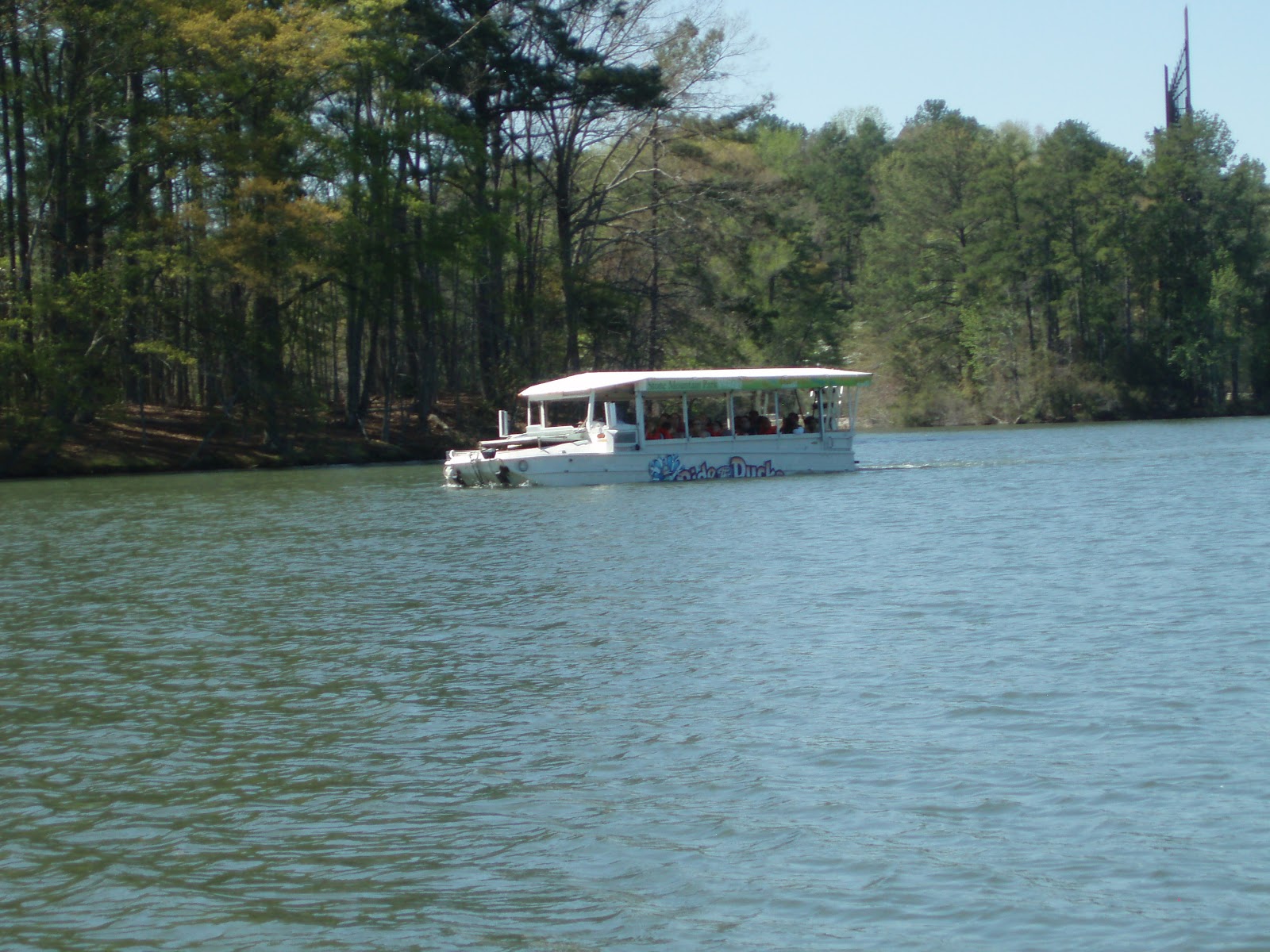 Bessy's Adventures Stone Mountain Park and Doggie Daycare!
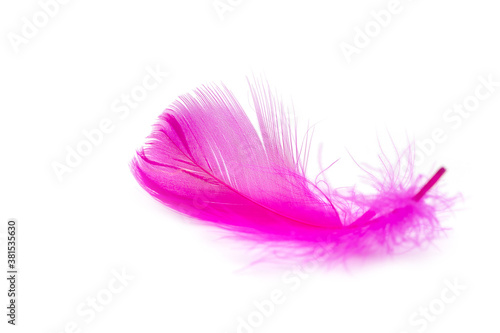 Pink feather texture on white background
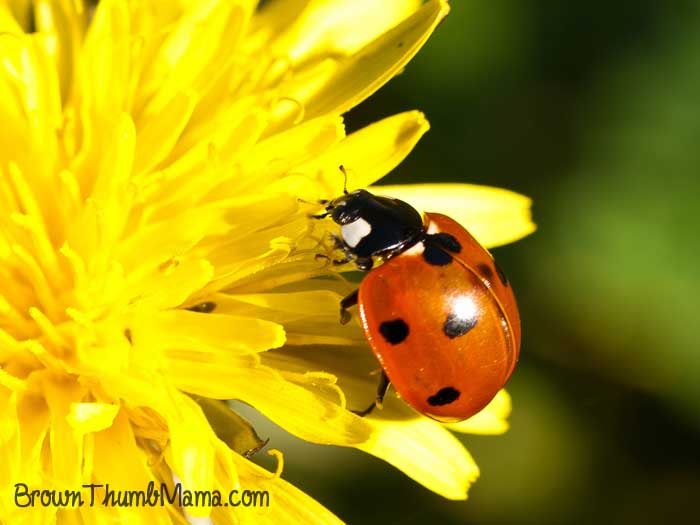 Control insects in your vegetable garden naturally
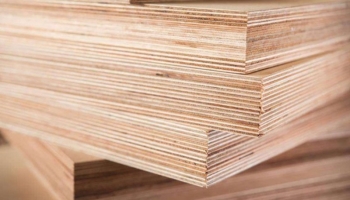 Châu Á - Thái Bình Dương được dự báo là thị trường ván ép lớn nhất thế giới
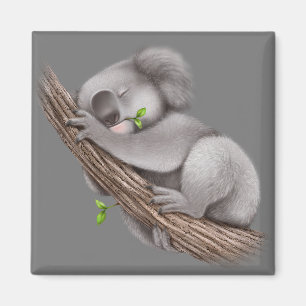 Love Koala Bears Magnet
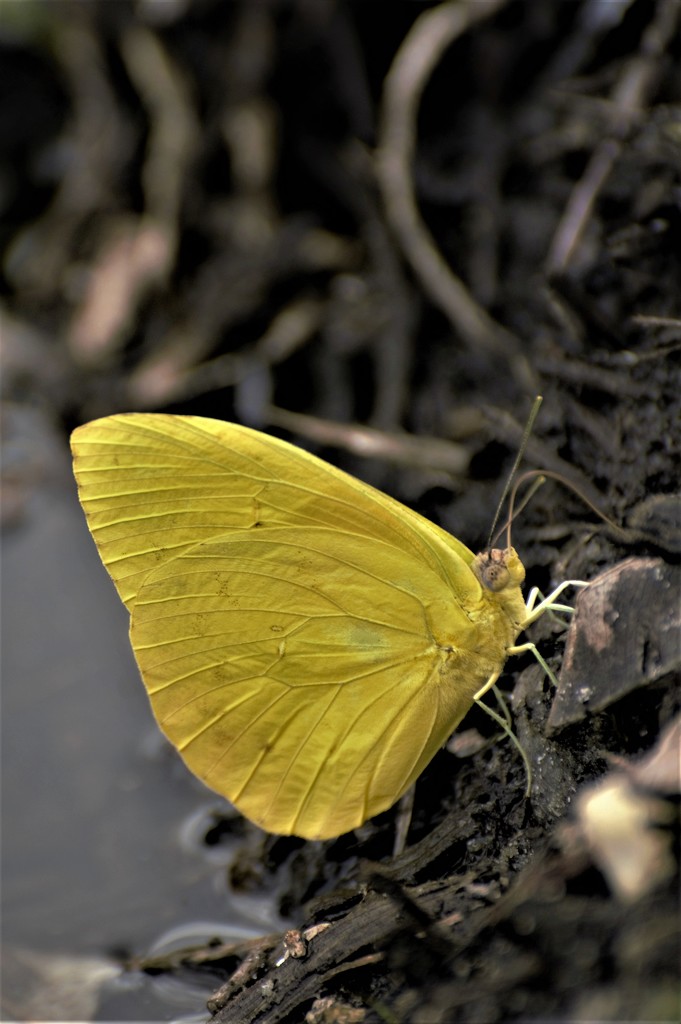 Yellow Butterfly by chejja
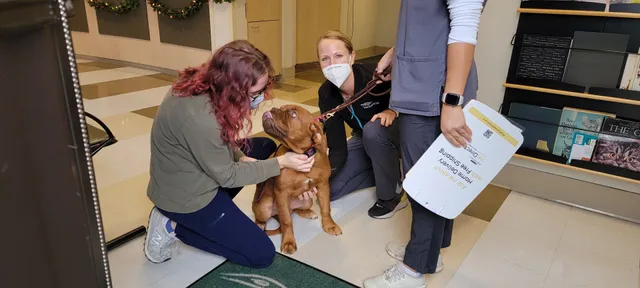 Animal Dermatology Clinic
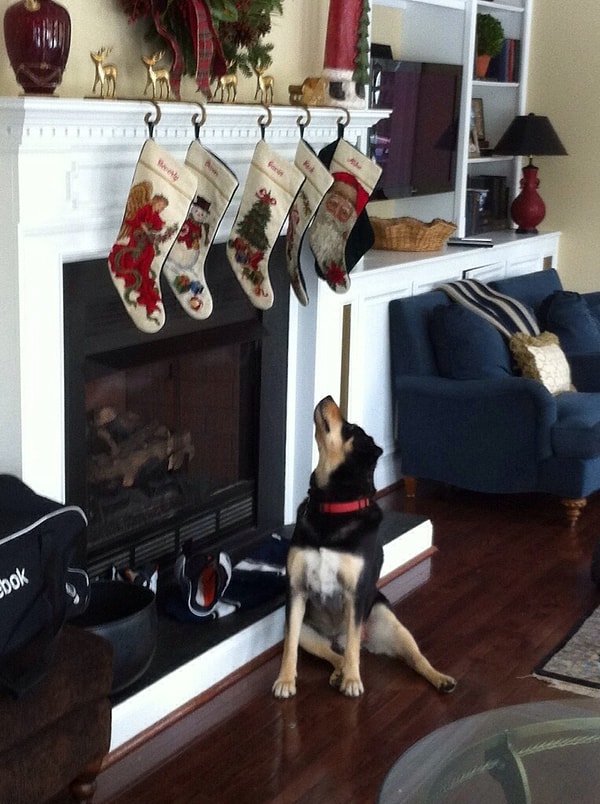 2. "Надеюсь, Санта знает какой из носков мой".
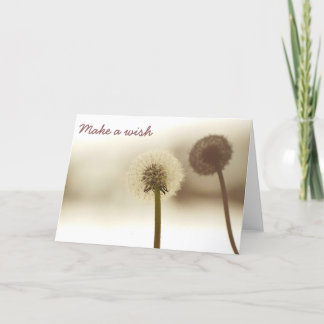 Carte d'ombre de pissenlit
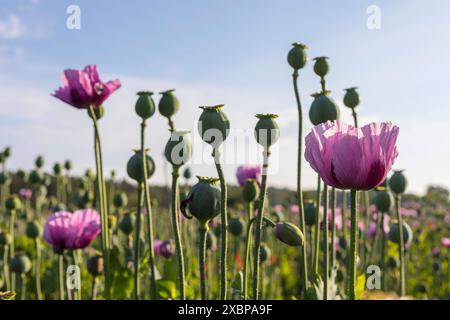 Mohnkapseln und Blüten vom Blaumohn Papaver somniferum auf einem Feld bei Callenberg, Sachsen, Deutschland *** capsule di papavero e fiori del blu Foto Stock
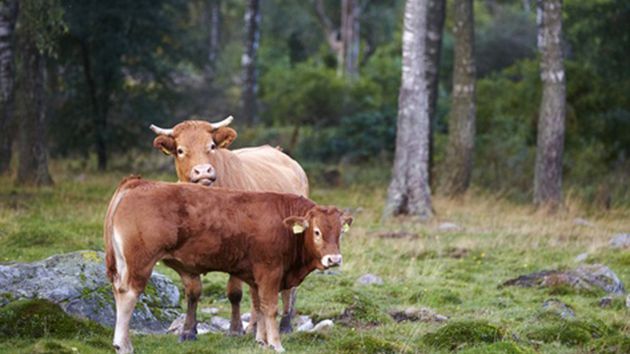 Sommarens torka i Sverige har slagit hårt mot skördarna och djurbetet i hela landet. Här är 5 tips på vad du som konsument kan göra för de svenska bönderna och svensk livsmedelsproduktion.
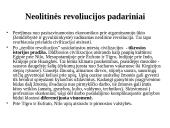 Civilizuotos visuomenės atsiradimas. Civilizacijų panašumai ir skirtumai 7 puslapis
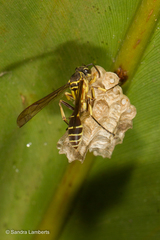 Polistes meadeanus
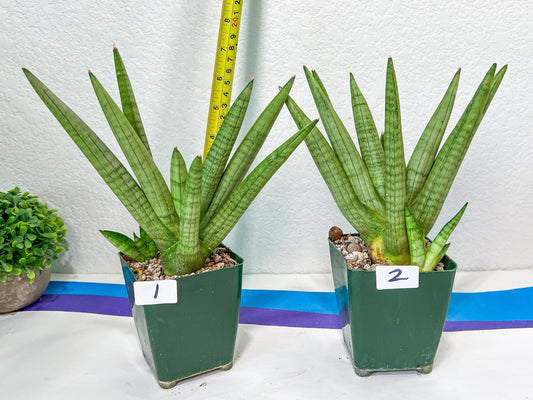 Sansevieria Snow Boy | Choose Your Own Rare Plant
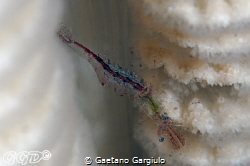 This little shrimp (hiding in a sea-pen) was pictured usi... by Gaetano Gargiulo 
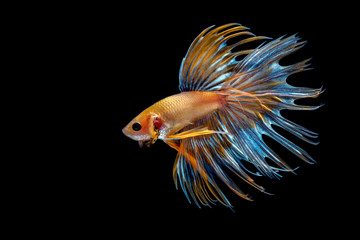 Fototapeta premium Siamese fighting fish, Beautiful style of betta splendens, isolated on a black background.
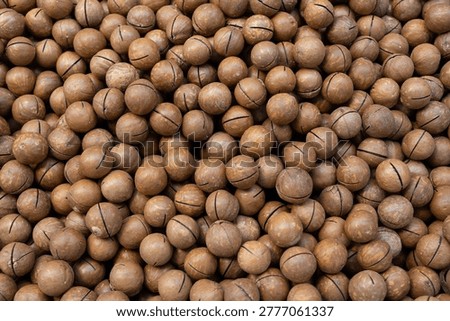 Macadamia nuts displaying their distinct hard shells and a pre-cut line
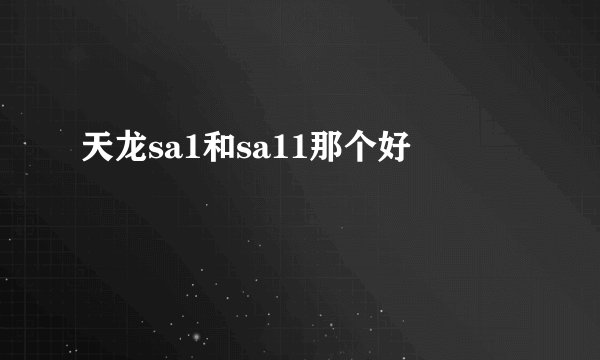 天龙sa1和sa11那个好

+++

▸ Work task: Quote exactly the lines from the one that contains "Civilizuotos visuomenės atsiradimas." through the end of the listing above, both ends included, leaving out the pictures.

▸ Finished task:
 Civilizuotos visuomenės atsiradimas. Civilizacijų panašumai ir skirtumai 7 puslapis
 Polistes meadeanus
 Sansevieria Snow Boy | Choose Your Own Rare Plant
 This little shrimp (hiding in a sea-pen) was pictured usi... by Gaetano Gargiulo 
 Fototapeta premium Siamese fighting fish, Beautiful style of betta splendens, isolated on a black background.
 Macadamia nuts displaying their distinct hard shells and a pre-cut line
 天龙sa1和sa11那个好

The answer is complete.